So imagine this, my man eating pile of laundry on the ground, the racks of clean clothes hanging from rods (that require special talent to weave through and past) to access the back area (which is a mess of old toys and sewing notions) comes a ring at the door from a gas company employee--who wants to access my laundry room to light pilots on my water heater and furnace. YIKES! I was about to plummet into the depths of being mortally humiliated, I was! Princess A and M screeched, "he's going into the laundry room", to which I whispered back dial 911 if we don't return. But, before we reached the vault of sure death I had to race forward to slide the newly heaped pile of smelly laundry from the base of the steps. Then I warned him. He promised me as a gasman he has seen much much worse. I promised him he has not. The entire time I was thinking why did King Ralph have to go fishing this week; if he was home he could have lit all the pilots. I told the gas man I knew what his dinner table conversation was going to be...I could hear it in my head...Oh my gosh you should have seen this ladies laundry room, he assured he would not, I told him he was a liar. We both laughed. Once the pilots were lit and we nearly escaped the man eating pile of dirty laundry I made Mr. Gas Man raise his right hand place it on the bottle of liquid All and promise never to divulge my dirty little secret or, raising the box in my right hand I said or I'll have to Bounce you.

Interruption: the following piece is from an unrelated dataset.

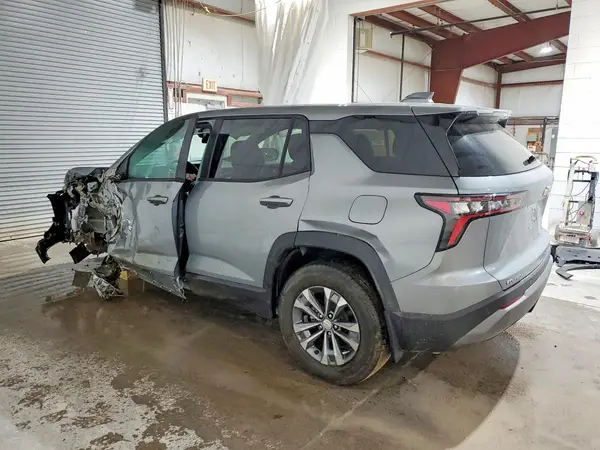 3GNAXHEG4TL414658 2026 CHEVROLET EQUINOX - Image 2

When I escorted him out the front door his co-workers hollered out "don't believe a thing he says" to which I screamed back "don't believe a thing he says."
I think I am in need of a laundry intervention. HELPPPPPP! My name is Keeper and I am a.......
Wednesday, October 10, 2007
Thursday, October 04, 2007
King Ralph brought home three giant Merb's candy apples--coated in thick caramel, rolled in rich toasted pecans. Breakfast of champions I say. Candied apples are a sign that Fall is indeed the season even though my sister in law's spousal equivalent invited us to swim in the pool this weekend. Don't you agree that the mere fact that a STL pool is still "open for business", that the temperature warrants, has a certain oddity? Proof that global warming exists.
Tomorrow, being off work and the girls off school, we will resume the remodeling of the Jack-n-Jill bath-- as a family. My brother laughed at me yesterday when I said "the girls bathroom gut is hard...being down a whole bath". He laughed reminding me we still have two fully functioning bathrooms. Who in there right mind wants to go down a flight of steps to potty? Not a single person who lives here in this house. As if getting the toilet paper replaced wasn't fight enough, now it's dog eat dog for a spot on the pot.
I feel great today. There's something about eight hours of sleep, a caramel apple and a diet coke for breakfast that makes life seem absolutely-totally-unequivocally perfect!
To that I say good day!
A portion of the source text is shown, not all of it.